とどめとなる「落ち」の恐さもなかなかだが、これは「価値観の逆転」「視点の逆転」の恐さでもある。読者は足元をすくわれる。後代の作家たちの「インスマスもの」がうまいと言っても、このもともとのラヴクロフトが描いたような、根底の、深部の、スケールの大きい恐怖をしのぐものを描いた作品はない。さすがに大御所というべきなのだろう。むむ、これをテキストに使っても授業はできるのだよなあ。
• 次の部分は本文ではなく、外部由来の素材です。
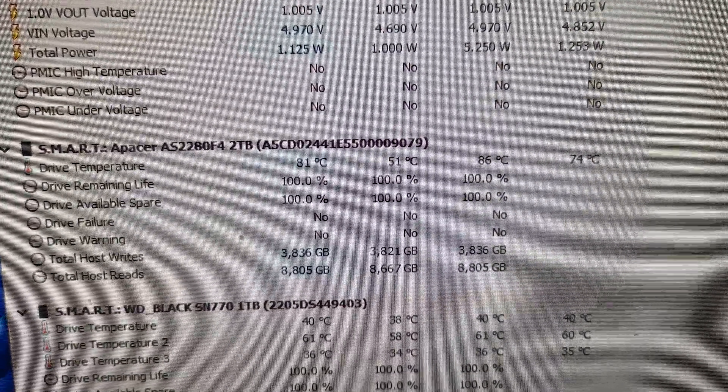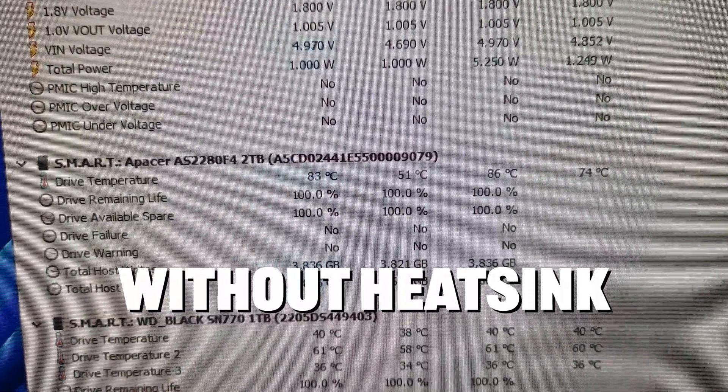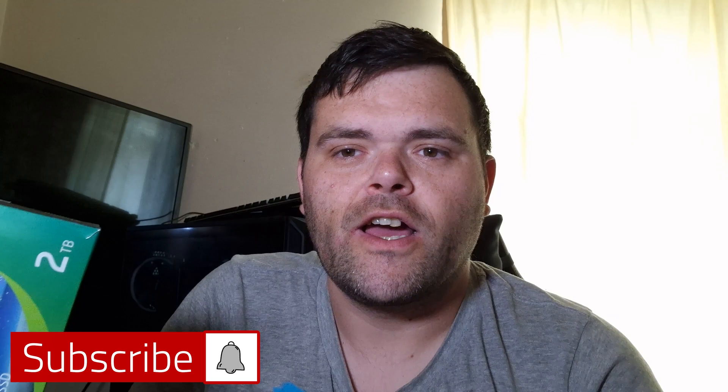When it comes to Gen 5, I honestly didn't believe that they needed heatsinks. But this does. With the heatsink on, the highest the temperature goes is 62 Celsius. It's still high, but it's within its operating temperature. So, that's a Gen 5 drive.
センター試験は無事終わった。いっそ大ミスでも起こったら、こんな大変なものを二回やろうなどというとんでもない案は出なくなるだろうにと、ちらと毎年考えたりもするのだが、受験生の緊張した顔を見ていると、やはり間違いなく終わらせなければと思ってしまう。
私は主事をやってた間、本部に詰めていたから監督は除外されていた。それで、数年ぶりに教室に行って受験生を見ていて気づいたのだが、腕時計を二つ持ってきている人が増えていた。ひょっと一つが故障した時の用心なのだろうと思うが、前にはなかったことだった。

それにしても土日を休んでやっと体調を維持しているのに、それがなくなって、しかも朝から夕方まで緊張しながら立ちっぱなしでいて、翌日からまた仕事というのは、正直言ってたまらない。広い試験場で、受験生が何か用事があるかもしれないから、適当に歩き回っていたせいもあって、足のつけ根がこわばって痛く、このままではヤバイかもと思ったので、試験のおわった後、天神に用があって行ったついでに、足裏マッサージの50分5000円というのに入って見た。まあ、気持ちよかったが、何しろあまり疲れているので、どのくらい疲れがとれたのかの基準が、普段とちがっていて、いまひとつわからない。もうちょっと安かったら、また気軽に来てもいいが、5000円はちょっとなあ。と言いながら、やけになったら1万円のクレオパトラコースとかいうのを試しそうで不安だ。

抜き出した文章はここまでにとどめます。